EXERCISE GOAL - Please copy, exactly as they appear below, the lines from the one containing "Vase with bouquet" through the one containing "Cinnamon Stick on a Wooden Baclground".

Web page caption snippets
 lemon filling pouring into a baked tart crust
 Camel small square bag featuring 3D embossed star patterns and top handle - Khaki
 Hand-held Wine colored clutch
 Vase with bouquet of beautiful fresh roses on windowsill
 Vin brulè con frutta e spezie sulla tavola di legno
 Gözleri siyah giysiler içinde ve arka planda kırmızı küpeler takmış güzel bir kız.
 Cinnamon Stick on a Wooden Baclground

...

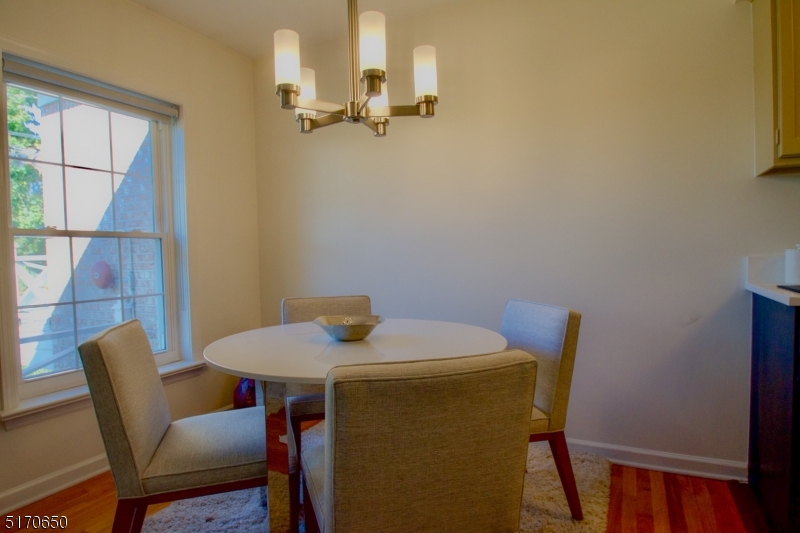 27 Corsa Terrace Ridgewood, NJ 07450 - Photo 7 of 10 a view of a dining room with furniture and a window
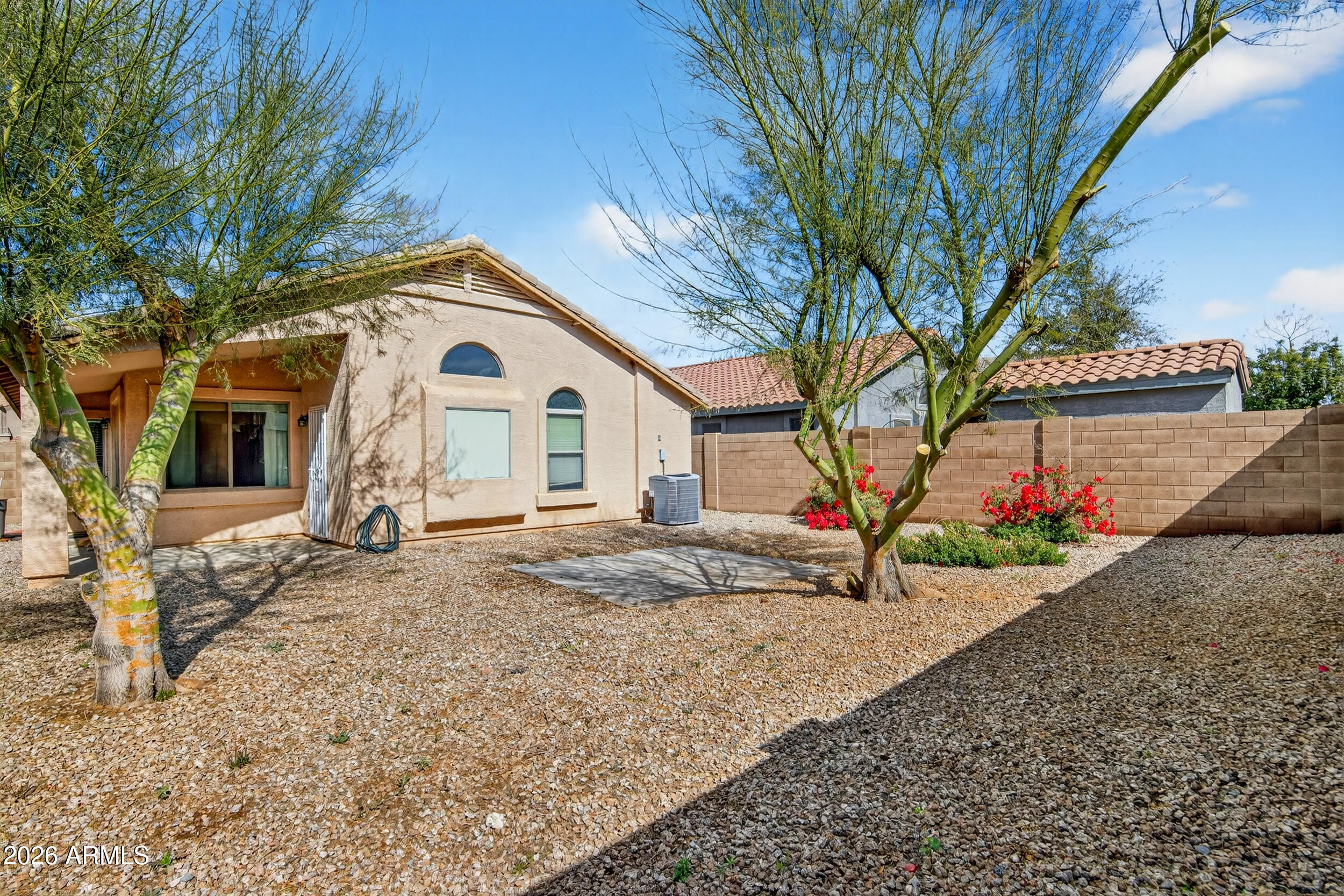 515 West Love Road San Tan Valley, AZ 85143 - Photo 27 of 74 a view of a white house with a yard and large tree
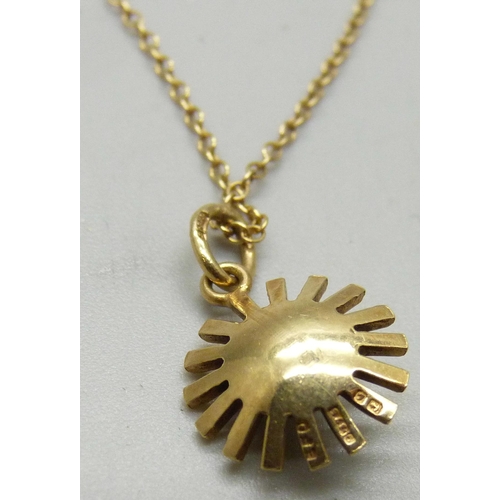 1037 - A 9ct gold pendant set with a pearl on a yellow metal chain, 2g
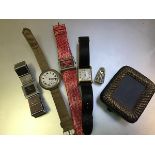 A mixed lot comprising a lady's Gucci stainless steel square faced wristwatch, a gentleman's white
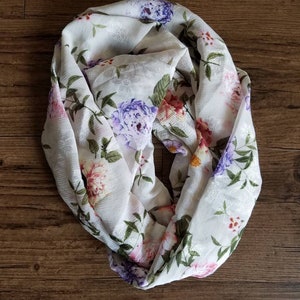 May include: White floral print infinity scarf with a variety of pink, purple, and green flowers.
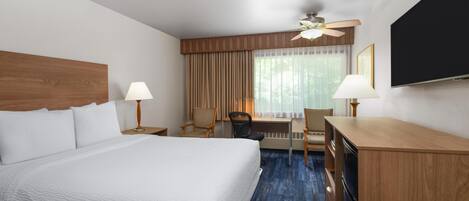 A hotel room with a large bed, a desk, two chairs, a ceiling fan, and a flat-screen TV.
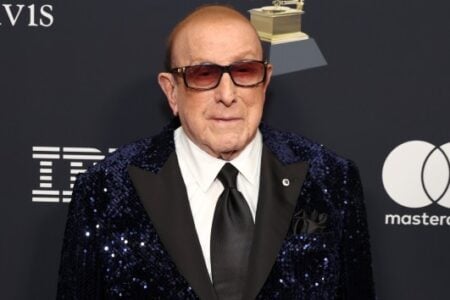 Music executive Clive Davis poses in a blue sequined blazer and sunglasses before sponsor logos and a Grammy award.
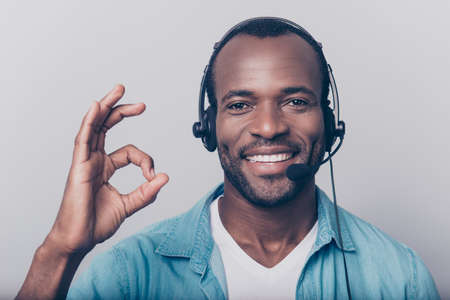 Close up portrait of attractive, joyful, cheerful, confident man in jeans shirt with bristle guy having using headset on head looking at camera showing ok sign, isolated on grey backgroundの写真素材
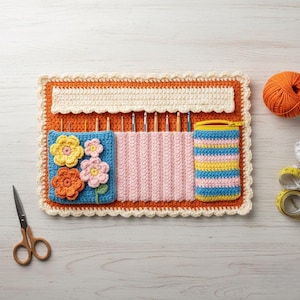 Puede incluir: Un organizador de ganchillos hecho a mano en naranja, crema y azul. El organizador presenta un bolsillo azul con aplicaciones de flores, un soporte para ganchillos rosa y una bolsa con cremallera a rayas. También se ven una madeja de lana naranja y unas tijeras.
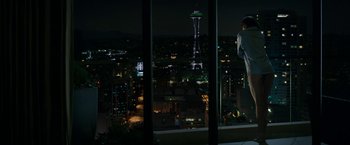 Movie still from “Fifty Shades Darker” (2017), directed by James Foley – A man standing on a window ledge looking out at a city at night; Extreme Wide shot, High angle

WRITTEN REPLY -
 Vase with bouquet of beautiful fresh roses on windowsill
 Vin brulè con frutta e spezie sulla tavola di legno
 Gözleri siyah giysiler içinde ve arka planda kırmızı küpeler takmış güzel bir kız.
 Cinnamon Stick on a Wooden Baclground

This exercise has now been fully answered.